名古屋大学(名大)は1月16日、量子力学(量子物理学)の基本原理とされてきた「不確定性原理」の破れを実験的に観測することに世界で初めて成功したと発表した。名古屋大学大学院情報学研究科の小澤正直教授とウィーン工科大学の長谷川祐司准教授を中心とする共同研究グループによる発見で、成果は「Nature Physics」電子版に英国時間1月15日に掲載された。
高校の物理の教科書にも記述がある不確定性原理は、ナノの世界(量子力学)の深淵を語る基本原理として広く知られている。位置と速度のような2つの物理量を正確に測定することは原理的に不可能であるというものだ。
この原理はドイツのノーベル物理学賞受賞者ハイゼンベルク氏がガンマ線顕微鏡の思考実験で1927年に導いたもので、位置の測定誤差ΔQと運動量(質量×速度)の測定誤差ΔPの間に「ΔQΔP≧h/4π」が成り立つとされ、結果として位置と運動量の同時測定は常に不可能であることが導かれる。これは、どの測定も打ち破ることのできない究極の限界と考えられてきた。
しかし、その限界が実は打破可能であることを証明したのが、1980年代の重力波検出限界を巡る論争を解決した小澤教授の量子測定理論である。そして2003年に発見された「小澤の不等式」によって「ハイゼンベルクの不等式」に替わる新たな関係式が理論的に示されたというわけだ。
小澤の不等式は、ハイゼンベルクの不等式の不備を改良したものであり、どんな測定でも普遍的に成立するというもの。測定前の位置の標準偏差と運動量の標準偏差をσ(Q)、σ(P)とすると、「ΔQΔP+ΔQσ(P)+σ(Q)ΔP≧h/4π」が成り立つとされ、測定前の状態によっては、位置と運動量の同時測定が可能な場合があるという衝撃的な結果が得られるのである。

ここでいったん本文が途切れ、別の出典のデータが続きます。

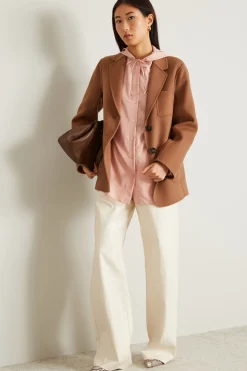 Casacca in seta con cappuccio - Rosa Polvere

しかし、これらの理論的成果を実験的に実証することは、これまで困難な課題として残されていた。そこで、今回の研究では、長谷川准教授のグループが開発した「中性子光学実験装置」による「スピン測定実験」において、ハイゼンベルクの不等式の破れの実験的観測に世界で初めて成功、同時に、小澤の不等式の成立も確認されたという次第だ。
なお、スピンとは量子力学における素粒子の基本特性の1つで、角運動量の1種。磁場との相互作用があり、まさに「小さな磁石」のように振る舞う。測定値は量子化され、連続量ではなく不連続量として観測される。
不確定性原理は科学者以外にもよく知られたテーマであり、このような自然科学の根本原理に関する定説を覆した学問的意義は大きく、同成果は、基礎科学の発展にとどまらず、これまで不可能とされた測定技術の可能性を切り開き、ナノサイエンスでの新しい測定技術の開発の他、重力波の検出(時空間の歪みが波となって光速で伝わるという、一般相対性理論において予言される現象で、その影響は極めて小さいので、検出は極めて困難であり、不確定性原理が検出限界にかかわるとされる)実験、量子暗号(盗聴者の測定が不確定性原理で制約されることを利用して、盗聴検知が可能とされる暗号方式。量子計算機ができても破られない暗号方式として期待されている)などの量子情報技術への応用が期待できるという。